A mesure qu'il lisait, sa lèvre mince se plissait d'un rictus de dégoût. Seulement, il ne se hasardait pas à des commentaires précis, à des railleries déclarées envers ces phrases trop fortes, ces phrases qui le dominaient, invinciblement, de leur toute-puissance de passion. Il se bornait à murmurer de temps à autre, d'un ton de pitié et de modeste dérision:
—Ah! là! là! là! là! là! là!... Ah! là! là!... Ah! là! là! là! là!
Mais quand il eut achevé pour la troisième fois cette déchirante lecture, il possédait presque l'intuition de la vérité,—l'intuition de tout ce qui le séparait, l'avait toujours séparé peut-être d'Hélène. Ses regards vagues paraissaient apercevoir enfin, dans un vertige, l'insondable abîme de dissemblance aux bords duquel leurs vies avaient coulé distinctes, étrangères et sans fusion, malgré l'apparence.
Et brusquement, il eut une lucide sensation de défaite présente, d'irrémédiable impuissance désormais.
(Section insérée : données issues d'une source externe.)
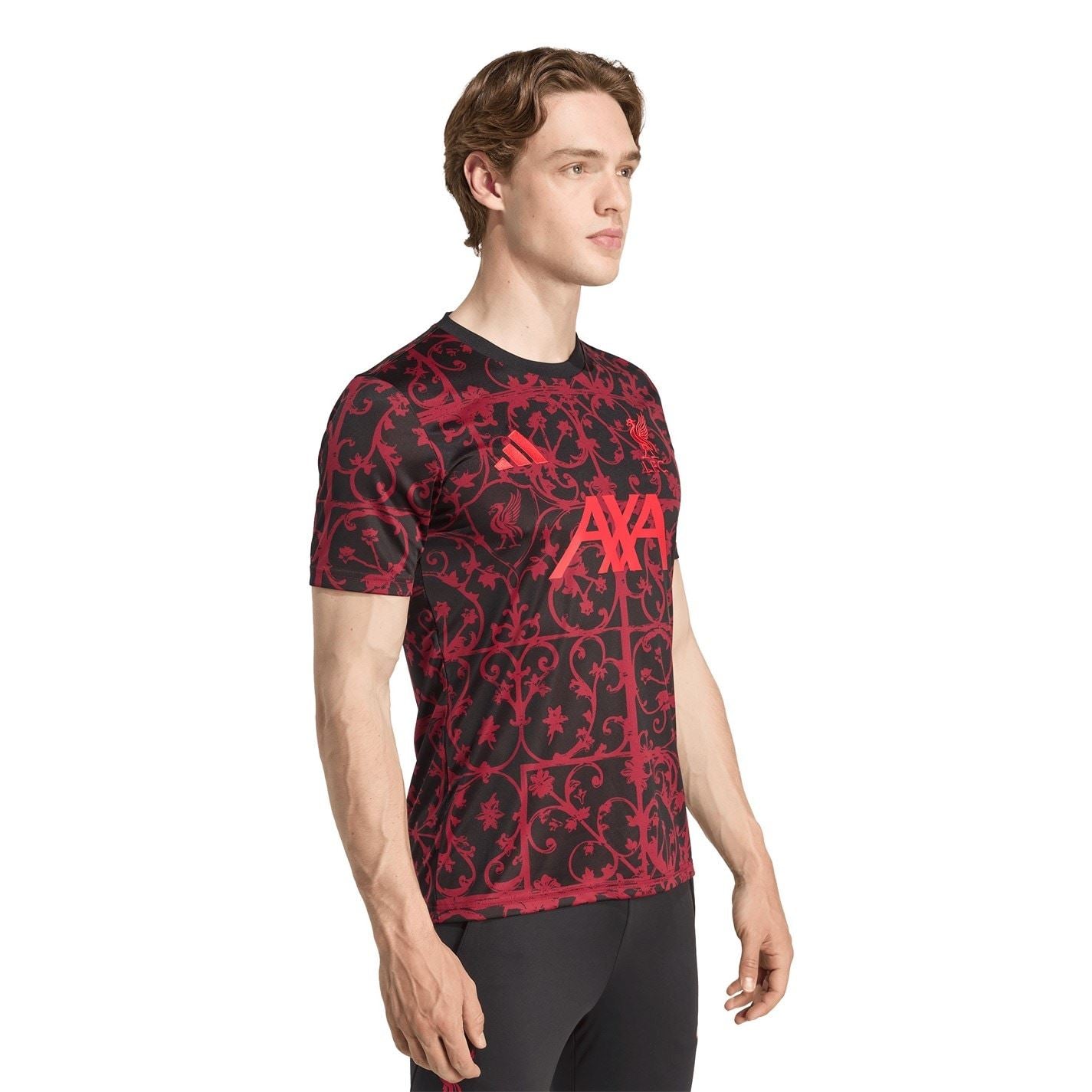 adidas Liverpool Pre Match Shirt 2025 2026 Adults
Toute son assurance cynique et autoritaire d'homme riche, d'homme de club et bien apparenté, l'abandonnait. Ou du moins, il présageait que d'être Pierre Lahonce, d'être ce qu'il était la veille, un moment avant, et ce qui, de tous côtés, lui valait tant de saluts, de considération, de cordialités en respect, que tout cela, dans l'avenir, ne lui serait que d'une utilité mondaine, ne pourrait plus jamais le soutenir, le servir contre sa femme, contre la personne indevinable qui avait écrit ces phrases insensées.
Il se sentait devant elle tout timide, tout gauche, dépourvu d'audace, comme devant un ennemi déconcertant, un adversaire inférieur, mais dont les procédés de lutte vous dépassent.
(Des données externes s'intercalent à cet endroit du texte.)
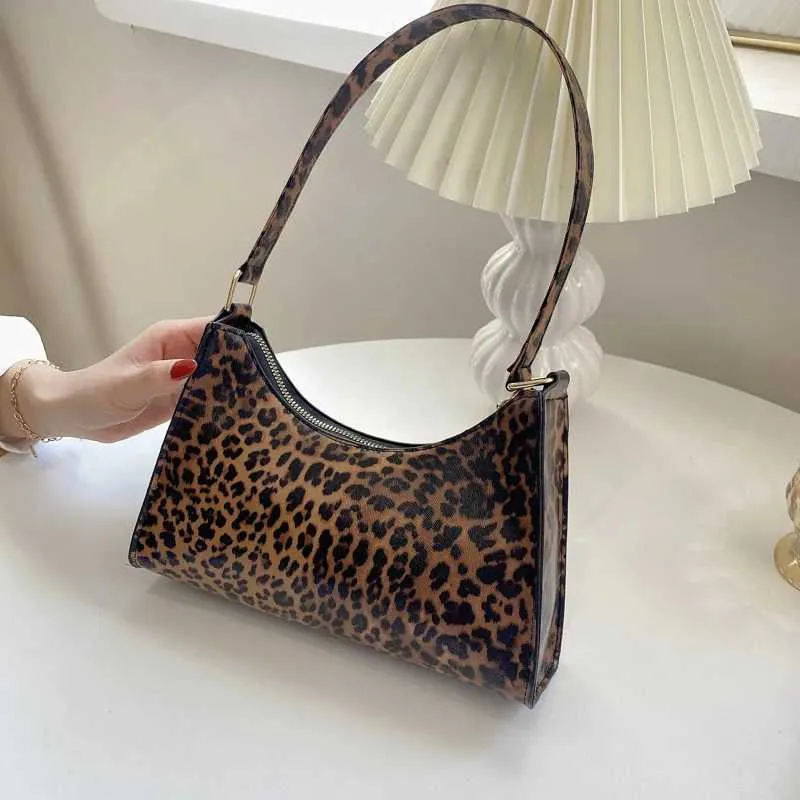 Borsa a tracolla da donna estiva di alta qualità in pelle PU con leopardo, borsa a tracolla, borsa a tracolla Y241025_voghion.com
Il lui semblait qu'il venait, à l'instant, de perdre Hélène, définitivement. Une émotion de douleur vraie amollit tout à coup sa rage. Il s'élança vers Mme Lahonce, voulut la voir, comme on veut voir une moribonde, un être défunt et chéri qu'on ne reverra plus. Il lui saisit le bras, lui tira la main violemment pour la démasquer; mais la main échappa, revint se plaquer au visage de la jeune femme, comme ramenée par un ressort vivace.
Cette résistance dérouta Lahonce. Il demeurait à considérer Hélène, hésitant, immobile, partagé entre l'envie de la battre, de lui meurtrir ses bras rebelles, et l'idée lâche que toute brutalité serait sans effet contre cette âme aussi cachée que ce visage, contre cette âme étrange et fuyante qu'il ne connaissait plus; et finalement, à bout de patience, il s'éloignait, reculait lentement vers la porte. Un gémissement de Mme Lahonce l'arrêta. Il se rejeta sur elle et la secouant par les poignets, d'une voix sourde et vindicative, d'une voix qui se retenait de triompher, il siffla, en dernière menace, une promesse dernière de représailles nouvelles.